A transpose kernel is a unit that's transposed with a single loopless section of code. Typically kernels are square, with a power-of-two length on the sides. For example, the boolean talk shows subarrays of 8×8 bits being transposed, since each fits in one 64-bit register. But now I think that's a pretty small kernel and 4 or more would be better, even sticking to general-purpose registers. Vector instructions both increase the size that can be held and speed up the transposing itself, so SIMD kernels are a big step up.

The major benefit of transposing with kernels is to combine multiple reads that would be scattered in ordinary scalar iteration (if writes are in-order). It costs about the same to read one element as one 32-byte register, so the larger read clearly gets a lot more done with the same memory load. But transposing huge numbers of elements in registers gets expensive, so at some point the CPU load will be big enough that increasing the kernel size is no longer worth it.

A matrix in SIMD registers can be transposed with unpack instructions in a butterfly pattern. This takes k layers for a 2k by 2k matrix, where each layer pairs up all registers. So the asymptotic cost for n elements is linear times an extra factor of 4n.

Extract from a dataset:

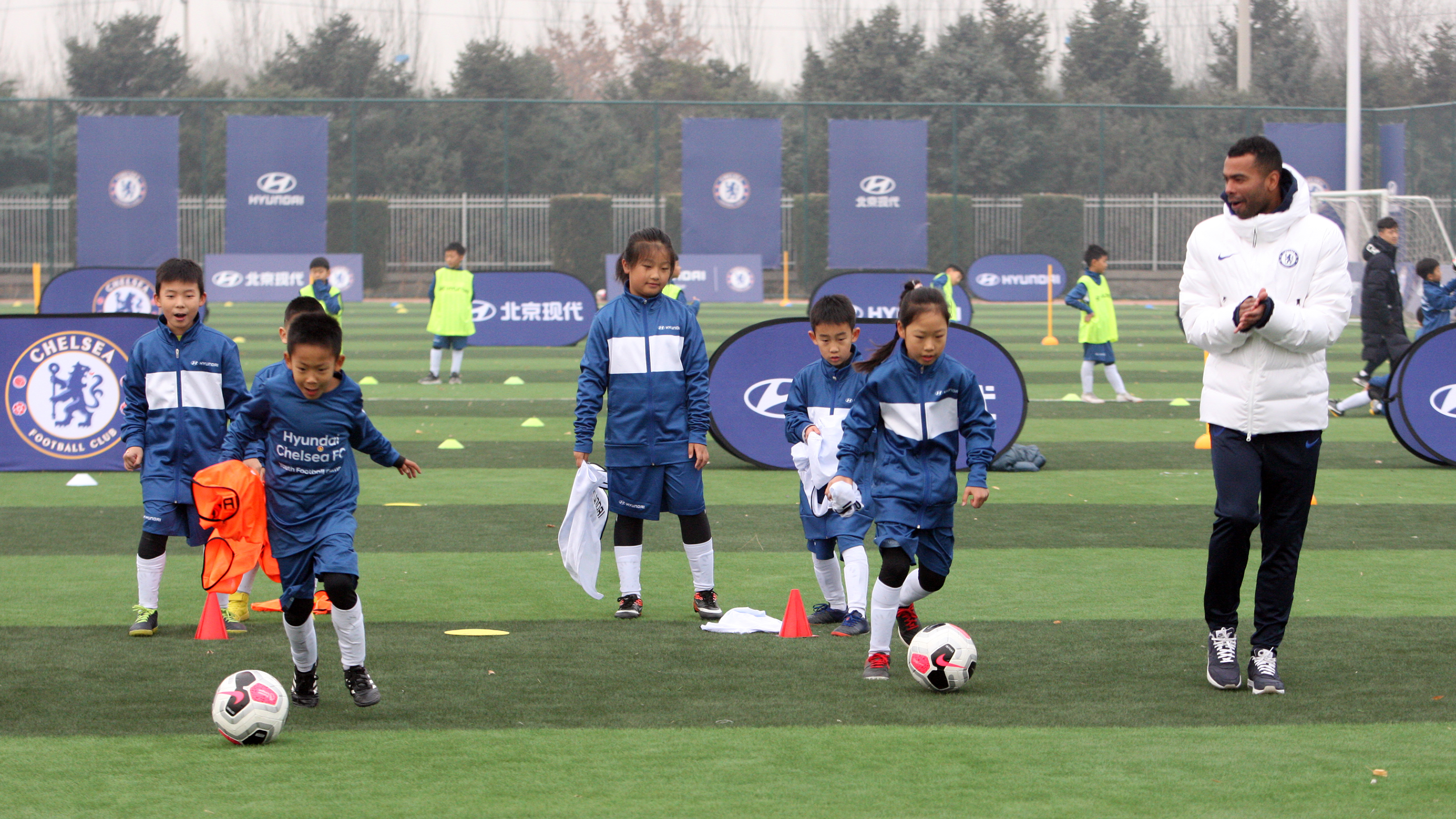 Hyundai Motor Conducts Youth Football Camp In Beijing With Chelsea Fc Legend Ashley Cole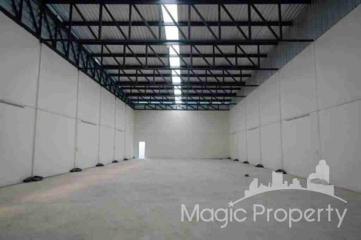 Mini Factory & Warehouse Usable Area 868 Sqm For Rent in Bangsao Thong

Sizes that aren't an even multiple of the kernel side length can be handled either by performing a strided scalar transpose on the leftover bit, or by overlapping kernels. I've found that the scalar transpose is slow enough that it only makes sense with a single leftover row or column.

Interleaving

A single fixed-size kernel breaks down when one axis is smaller than the kernel length. Handling these cases well calls for a different strategy that I call interleaving or uninterleaving, depending on orientation. Interleaving can transpose a few long rows into a long matrix with short rows, while uninterleaving goes the other way. Generally, an approach that works for one can be run backwards to do the other. The differences between interleaving and a general kernel are that writes (or reads for uninterleaving) are entirely contiguous, and that the two subarray dimensions aren't the same. One dimension is forced by the matrix shape, and the other should be chosen as large as possible while fitting in a register. Or multiple registers, if you're brave enough. Alignment is a significant annoyance here, unless the smaller axis length is a power of two.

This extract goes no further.